Knowledge of the burning velocity enables the determination of several factors affecting the
combustion chamber design such as rate of pressure rise, peak cylinder pressure, exhaust gas
temperature, and exhaust emissions. It has also been suggested that the ignition delay time, engine
knock and the wall quench layer thickness are functions of the laminar burning velocity
(Fairweather, 2009). The experimental data of the laminar burning velocity and heat release ratetemperature profile are not only of practical importance for design and analysis of practical power
units, but are also of fundamental importance for developing and assessing theoretical models of
laminar flame propagation (Kelley, 2007 & Singh, 2007).

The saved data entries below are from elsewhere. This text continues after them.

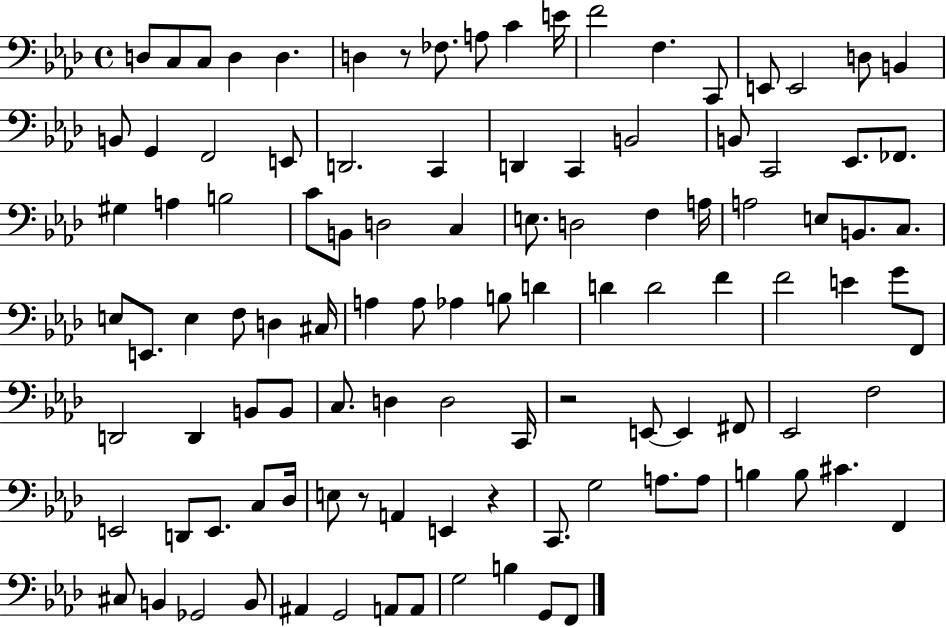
D3/e C3/e C3/e D3/q D3/q. D3/q R/e FES3/e. A3/e C4/q E4/s F4/h F3/q. C2/e E2/e E2/h D3/e B2/q B2/e G2/q F2/h E2/e D2/h. C2/q D2/q C2/q B2/h B2/e C2/h Eb2/e. FES2/e. G#3/q A3/q B3/h C4/e B2/e D3/h C3/q E3/e. D3/h F3/q A3/s A3/h E3/e B2/e. C3/e. E3/e E2/e. E3/q F3/e D3/q C#3/s A3/q A3/e Ab3/q B3/e D4/q D4/q D4/h F4/q F4/h E4/q G4/e F2/e D2/h D2/q B2/e B2/e C3/e. D3/q D3/h C2/s R/h E2/e E2/q F#2/e Eb2/h F3/h E2/h D2/e E2/e. C3/e Db3/s E3/e R/e A2/q E2/q R/q C2/e. G3/h A3/e. A3/e B3/q B3/e C#4/q. F2/q C#3/e B2/q Gb2/h B2/e A#2/q G2/h A2/e A2/e G3/h B3/q G2/e F2/e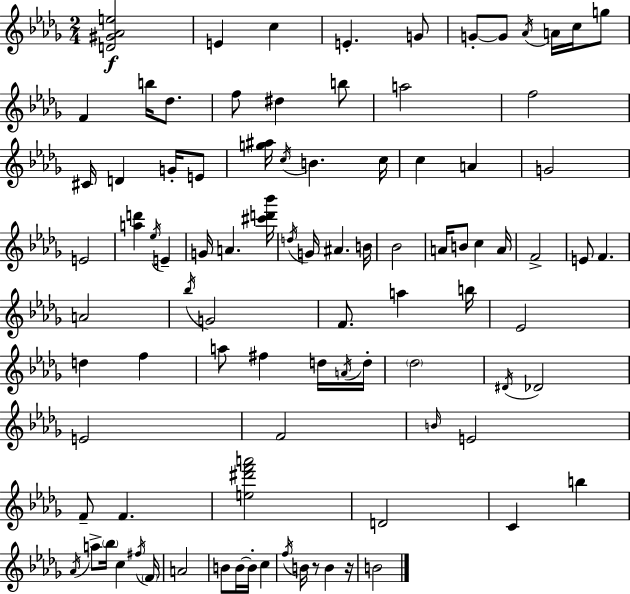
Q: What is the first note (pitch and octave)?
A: E4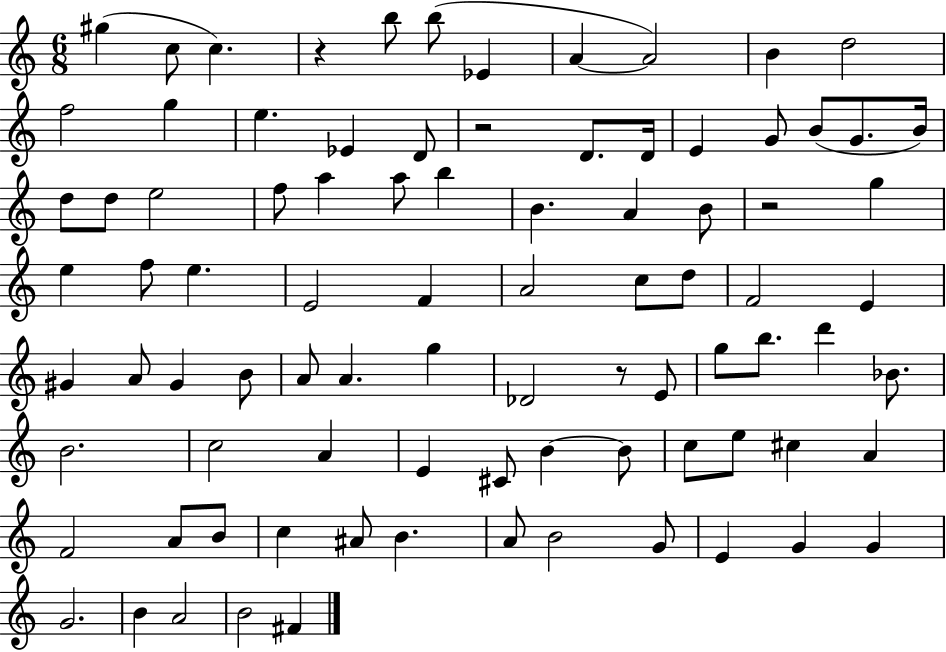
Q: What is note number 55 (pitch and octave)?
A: D6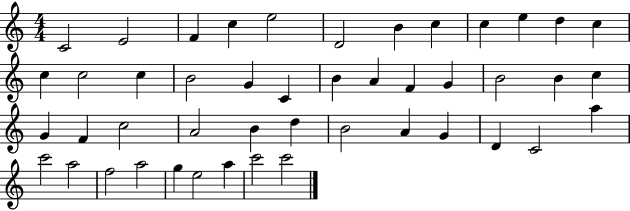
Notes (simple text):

C4/h E4/h F4/q C5/q E5/h D4/h B4/q C5/q C5/q E5/q D5/q C5/q C5/q C5/h C5/q B4/h G4/q C4/q B4/q A4/q F4/q G4/q B4/h B4/q C5/q G4/q F4/q C5/h A4/h B4/q D5/q B4/h A4/q G4/q D4/q C4/h A5/q C6/h A5/h F5/h A5/h G5/q E5/h A5/q C6/h C6/h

With recent dramatically increased crude oil prices, the inevitable decline in petrol resources
and the increasing concern on environmental protection, investigation on alternative fuels has
attracted more and more attention. Natural gas (NG) is regarded as one of the most promising clean
fuels and has already been used in passenger cars, power generation, domestic usage etc. Due to its
unique tetrahedral molecular structure, the main constituent of natural gas, methane, has narrow
operational limits and is relatively difficult to be ignited (Powell, 2009 & Locka, 2008).
Consequently the utilization of natural gas can increase the severity of cyclic variations under
fuel-lean conditions, leading to low thermal efficiency and high unburned hydrocarbon emissions
(Kishore, 2007). One of the effective methods to improve its lean operation is to add fuels with faster
burning velocity. Hydrogen seems to be the best candidate, which is difficult to be used directly by
transport engines due to safety, storage and economic reasons. Experiments showed that engines
fueled with hydrogen-enriched natural gas can operate at leaner conditions with reduced cyclic
variations (Saxena1, 2009 & Miao, 2008).
So far, there is lack of information on the fundamental combustion characteristics of
hydrogen-enriched natural gas (Lafay, 2008). The combustion of natural gas (or methane) and
hydrogen has been studied intensively investigated the combustion of hydrogen–methane mixtures
and found that adding hydrogen can effectively increase the burning velocity (Burluka1, 2007 &
Coppens, 2007). Hydrogen could be an important future energy carrier, offering CO2 free emissions
at the point of combustion. Laminar burning speeds for the most common stoichiometric
hydrocarbon-air mixtures are on the order of only half a meter per second. The laminar burning
speed of stoichiometric hydrogen-air equals approximately 3.5 m/s (Lamoureux, 2003 & Ilbas,
2006).
Recently (Hermanns, 2007) used same setup for determining effect of hydrogen addition to
the laminar burning velocities of methane-air mixtures. (Konnov et. al, 2007) had used a replica of
this setup and worked extensively on the determination of adiabatic burning velocities of methane
(CH4), ethane (C2H6) and methane-hydrogen mixtures with different dilution ratios of artificial air
having carbon dioxide (CO2), nitrogen (N2) or Argon (Ar).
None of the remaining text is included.